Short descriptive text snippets

▼▼▼

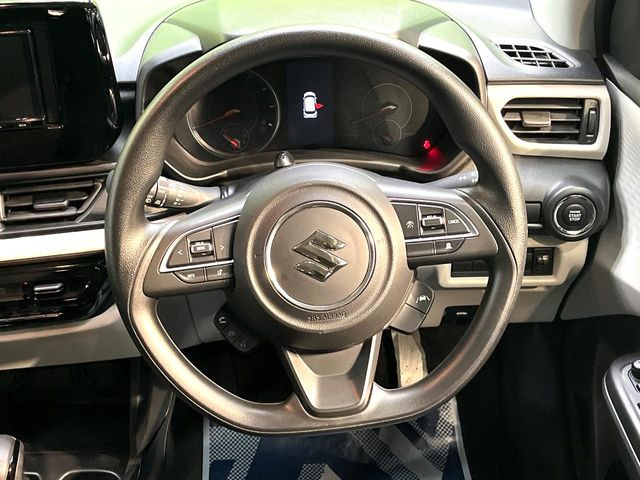 �y�X�e�A�����O�X�C�b�`�z�^�]���A�O������ڐ������炷���ƂȂ��A�I�[�f�B�I���̑��삪�\�ȕ֗��@�\!���S&���K�ȃh���C�u�����o���Ă���܂���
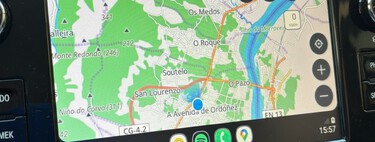 He probado una app open source en Android Auto y he descubierto una función que no la cambiaría por ninguna de Waze o Google Maps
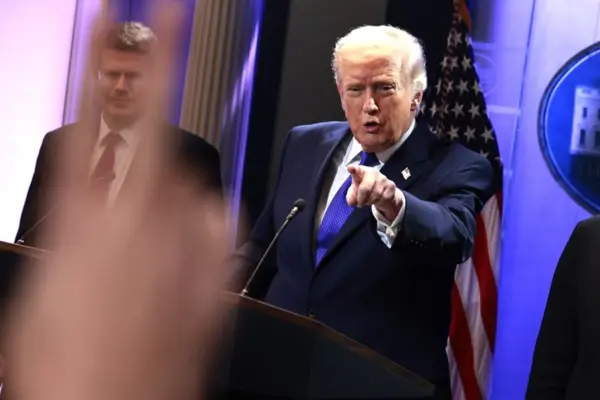 veto-trump-medios-comunicacion-casa-blanca-viola-primera-enmienda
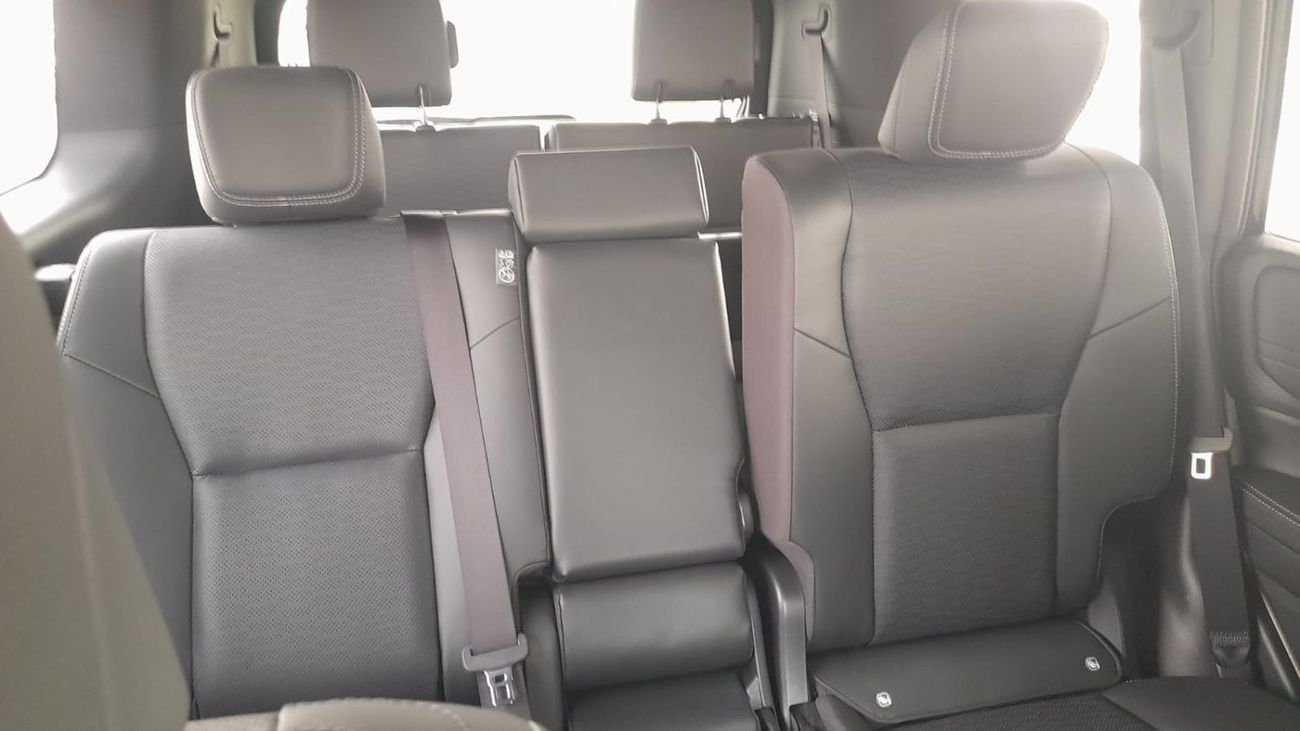 Toyota Prado Right-Hand drive Kakadu diesel Auto panoramic roof 7 seater top of the range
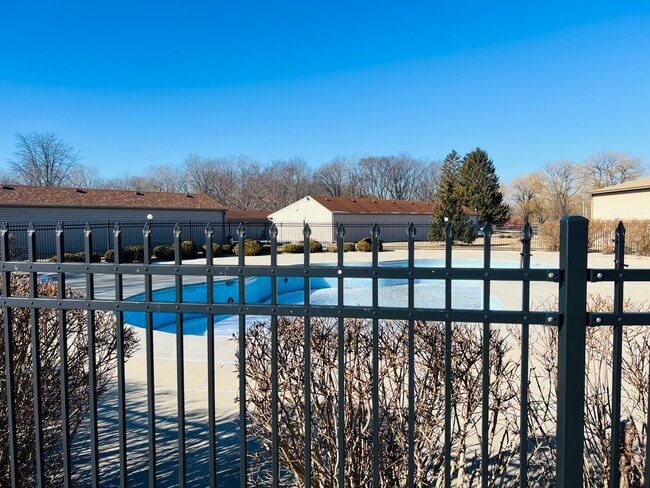 Building Photo - 11495 Armada Dr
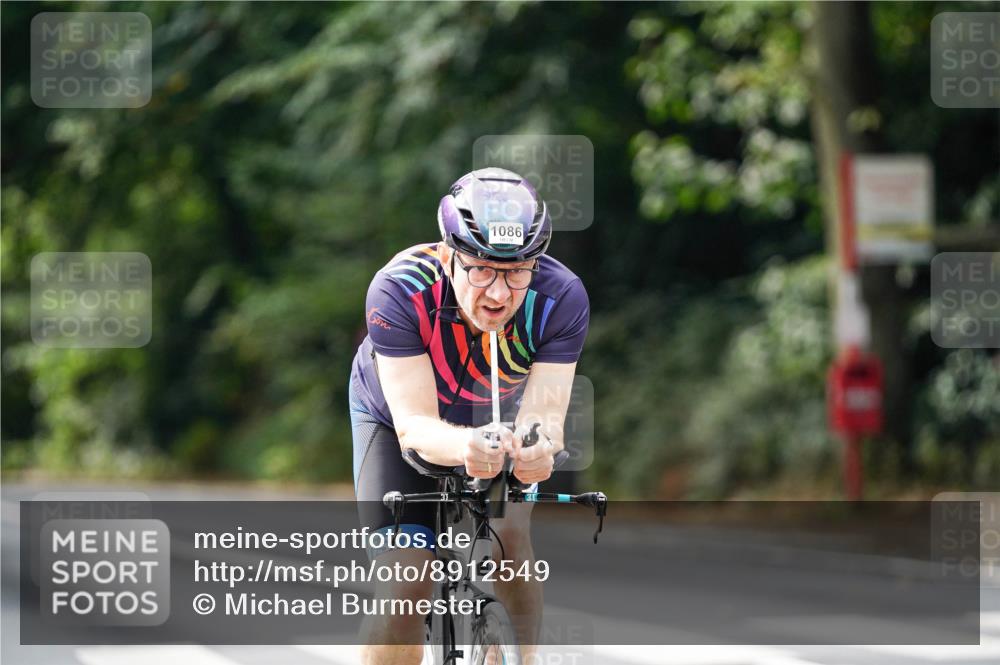 14.09.2025 - Stadtparktriathlon Michael Burmester http://msf.ph/oto/8912549 14.09.2025 11:39:04 Radfahren 949, 952, 998, 1014, 1062, 1086, 1099 meine-sportfotos.de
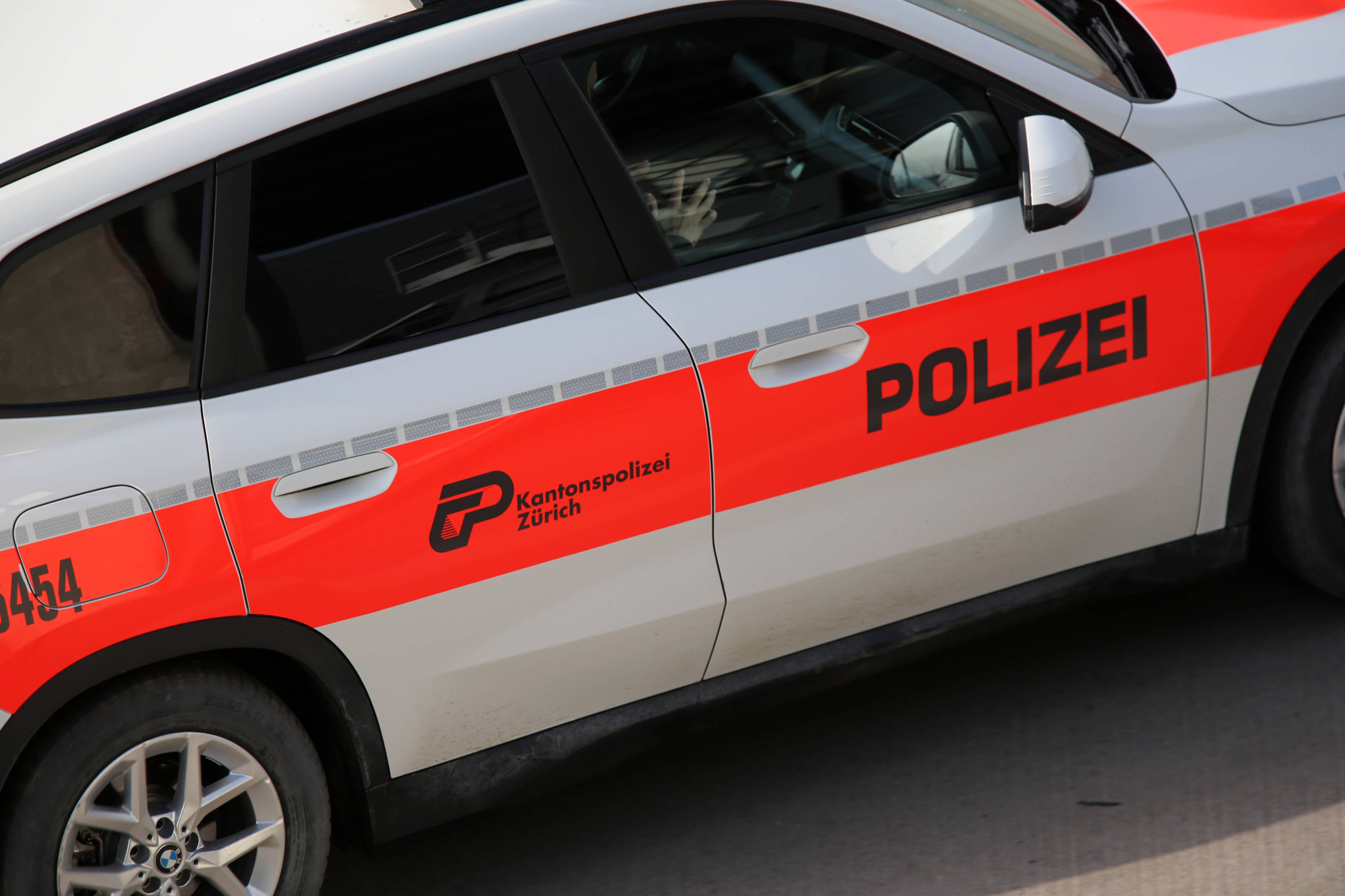 Zeugenaufruf: 21-Jähriger nach Auseinandersetzung im Kreis 5 schwer verletzt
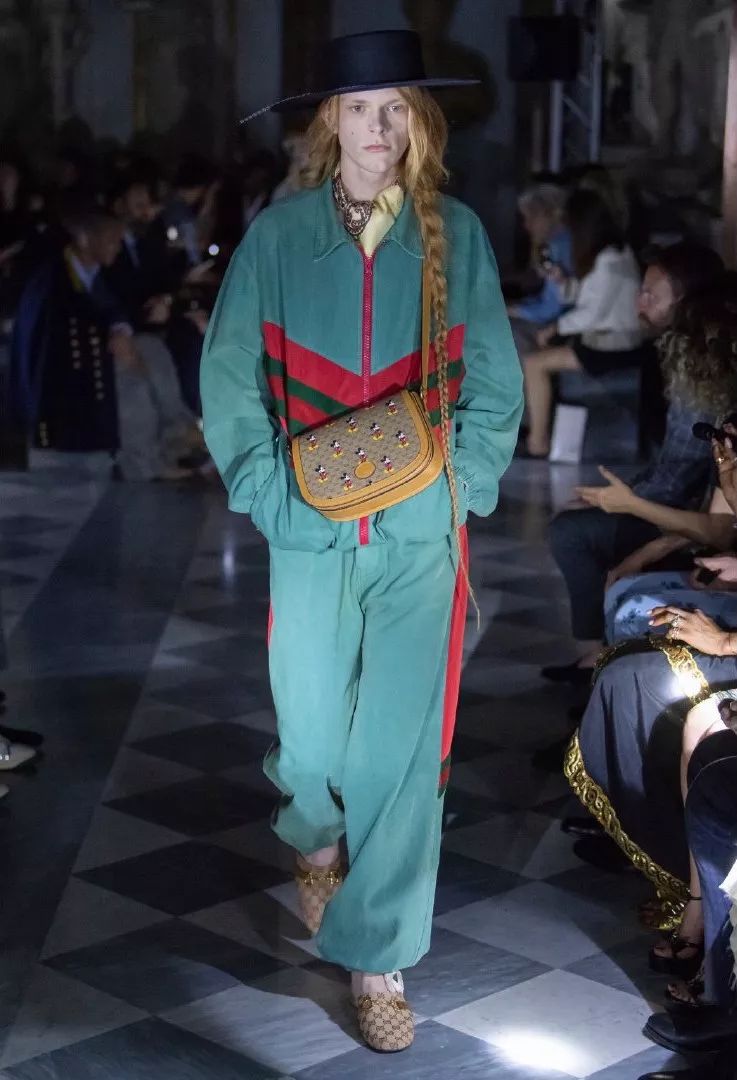gucci2020早春度假系列公开反抗堕胎法为女性发声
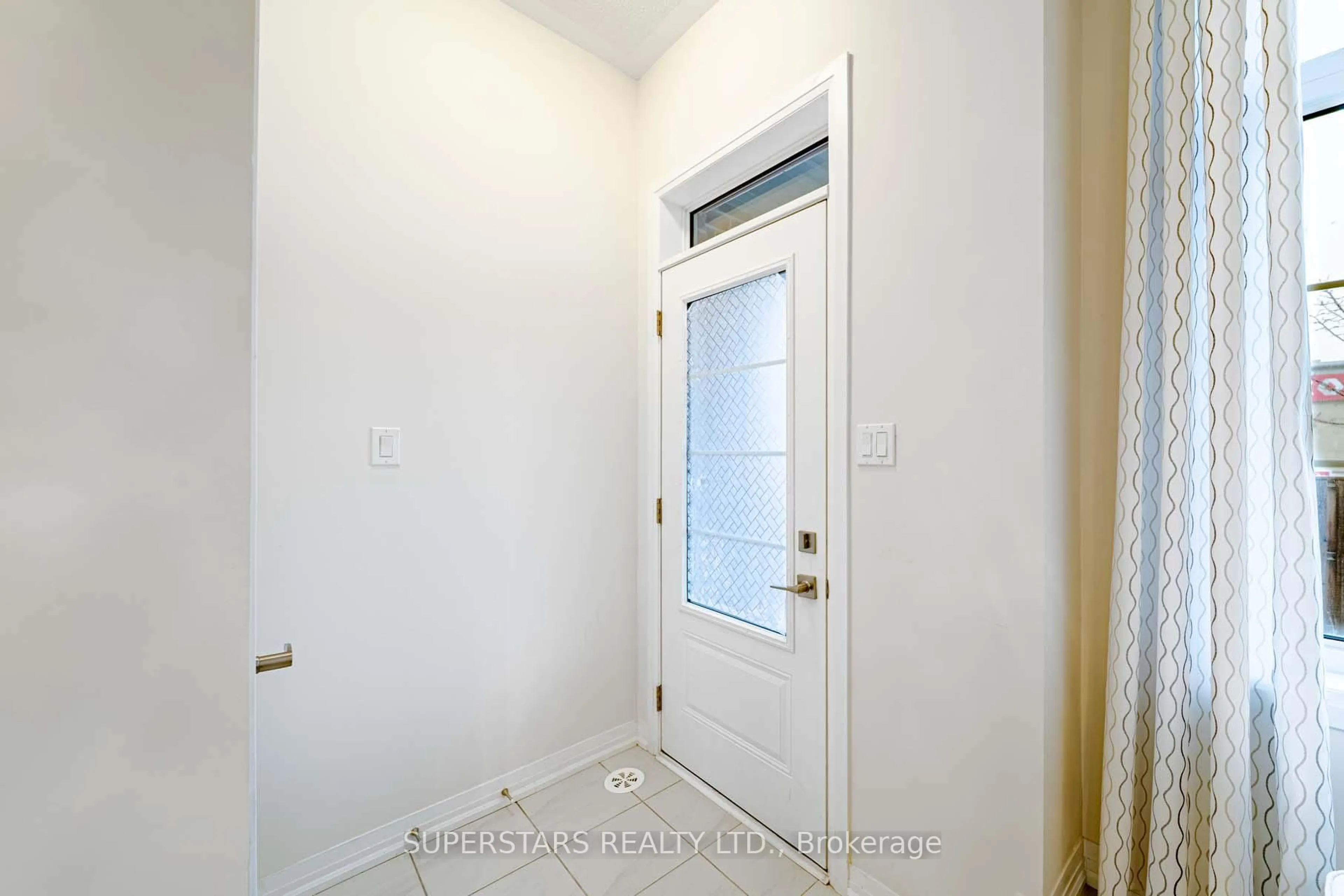 Indoor entryway for 40 Stoeber Lane, Markham Ontario L6B 1R2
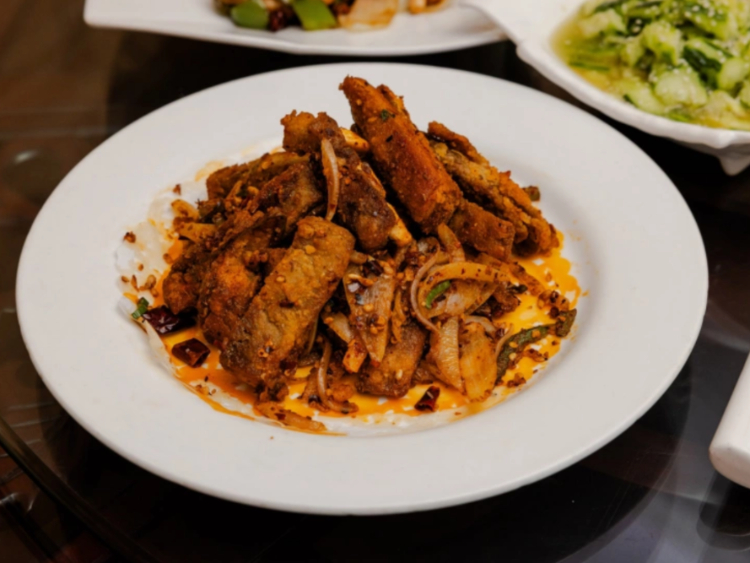 Red Chilli Sichuan Restaurant - Perth slider image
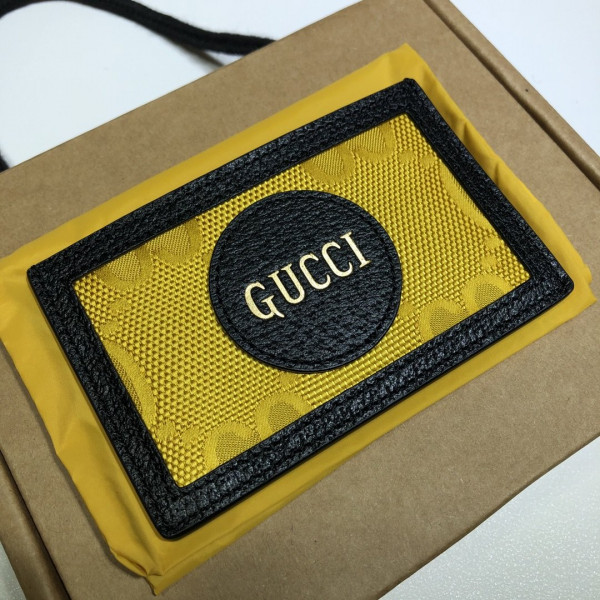 G*u*i off the grid card case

▲▲▲

- REQUIRED ACTION:
Starting where a line contains "Zeugenaufruf: 21-Jähriger nach" and finishing at the last line above, set down every line exactly as it reads, with no pictures.

- OUTPUT OF THE EXERCISE:
 Zeugenaufruf: 21-Jähriger nach Auseinandersetzung im Kreis 5 schwer verletzt
gucci2020早春度假系列公开反抗堕胎法为女性发声
 Indoor entryway for 40 Stoeber Lane, Markham Ontario L6B 1R2
 Red Chilli Sichuan Restaurant - Perth slider image
 G*u*i off the grid card case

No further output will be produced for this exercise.